Gomes - 06-03-2006:
Por PAULO SANTOS
O dia 21 do mês que vem será feriado nacional. Todo mundo vai lembrar de Tiradentes, o mártir da Independência, e também agradecerá a ele, não só pelo sacrifício que fez por nós, mas também pelo fato de a efeméride, este ano, cair numa sexta-feira, o que permitirá um feriadão. Mas o dia seis de março – que também já foi feriado nacional – vai passar em branco. Todos estudamos no colégio um importante evento histórico, ocorrido aqui, nessa data, mas alguém, por acaso, lembra dele? Pois vamos rememorar: em seis de março de 1817 (cinco anos antes do Sete de Setembro) o Recife se levantou contra o domínio português. Poucos dias depois as províncias da Paraíba e do Rio Grande do Norte, lideradas por Pernambuco (do qual Alagoas fazia parte, na época) também se rebelaram, e – com todo respeito aos inconfidentes mineiros – o Brasil foi independente, de fato, pela primeira vez!
Aqui, em nosso Estado, foi proclamada uma República e por mais de dois meses, pela primeira vez os brasileiros tiveram governo próprio, constituição, exército, esquadra e até embaixadas no exterior. Fomos além de decretar a autonomia política, antes que um aventureiro o fizesse: proclamamos a igualdade social e a liberdade religiosa, de pensamento e de imprensa, e não só tentamos acabar com a escravidão, mas também com a discriminação contra negros e mulatos! Tudo, também, pela primeira vez no Brasil!
Finalmente – e, de novo, com todo respeito ao sacrifício dos mineiros – a repressão ao nosso movimento não causou apenas uma vítima. Aqui foram cerca de 1.600 mortos e feridos – um verdadeiro genocídio, considerando que o Recife tinha entre 30 e 40 mil habitantes, na época – além de mais de 800 degredados. Apesar da magnitude desses acontecimentos, hoje em dia se sabe quem foi Tiradentes, muita gente conhece a história da bandeira de Minas Gerais, a do triângulo vermelho em fundo branco e do Libertas que Serae Tamen, entretanto, quase ninguém saberia dizer quem foi Gervásio Pires, Vigário Tenório, Cruz Cabugá, que dão nome a ruas do Recife. Tampouco faria idéia de onde veio nossa linda bandeira azul e branca, exibida por toda parte com tanto orgulho, e o que significam o sol, a estrela, o arco-íris e a cruz...
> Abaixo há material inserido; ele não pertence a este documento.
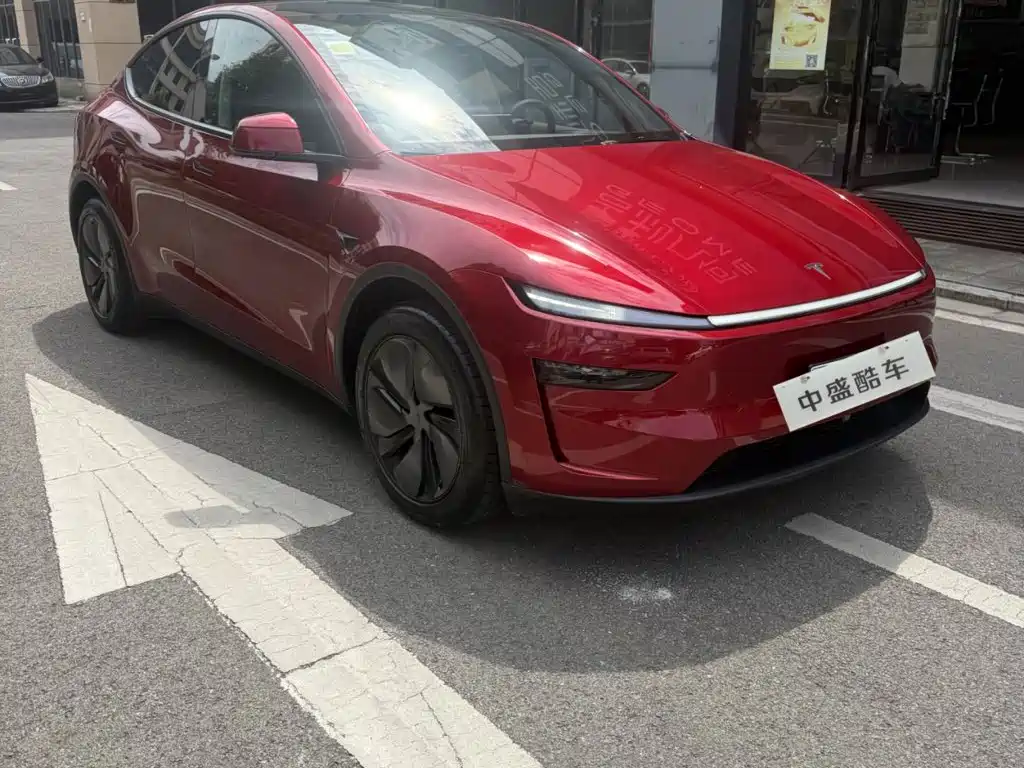 Tesla Model Y — миниатюра 3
Apenas em 1917, quando transcorreu o centenário da Revolução Pernambucana, houve emissão de selo pelos Correios e a data foi comemorada. Esse dia foi feriado em todo o País. Depois a data mergulhou no esquecimento, não é relembrada sequer em nosso Estado, cujo povo é orgulhoso das suas tradições e onde o período holandês é tão conhecido e badalado. O motivo desse apagão político e cultural, entretanto, é relativamente simples: pelas suas avançadas propostas sociais e políticas, aquele movimento foi sempre execrado por interesses poderosos. No período colonial e no Império, louvou-se muito a bravura dos que expulsaram os holandeses, mas os revolucionários de 17 eram tratados – compreensivelmente – como rebeldes anarquistas, portadores de consciências depravadas, inconfidentes malvados que transformaram num covil de monstros o teatro onde brilhara a fidelidade de Fernandes Vieira, Henrique Dias e outros tratados como heróis...
De Pernambuco, dizia-se, “emana o vapor maligno da democracia!” Durante a Primeira República, de 1889 a 1930, nossa República de 1817, que tinha uma certa identidade com ela, ainda foi visto com bons olhos, mas, a seguir, no período getulista, centralizador e autoritário, novamente deixou de ser simpática, por ter defendido e apregoado o respeito à democracia, a divisão e a descentralização do poder. Nossos revolucionários, enfim, não apenas foram esmagados em vida: a memória deles continuou a ser perseguida pelos séculos afora! Nem todos, é claro, se omitiram. Historiadores fizeram a parte deles, como Muniz Tavares (um participante) e Oliveira Lima, quanto os contemporâneos como Amaro Quintas e Manoel Correia de Andrade – além de pensadores de outros centros, como Carlos Guilherme Mota – estudaram e analisaram tudo cuidadosamente. Mas o trabalho historiográfico, infelizmente, não atinge o grande público. Apenas o interesse dos poderes públicos, dos meios de comunicação e, finalmente, dos artistas, é que poderá algum dia popularizar e dar vida à memória da Revolução Pernambucana de 1817, que foi curta, intensa, apaixonada, romântica e, se tivesse triunfado, teria dado um rumo diferente – e, talvez, bem melhor – ao nosso País.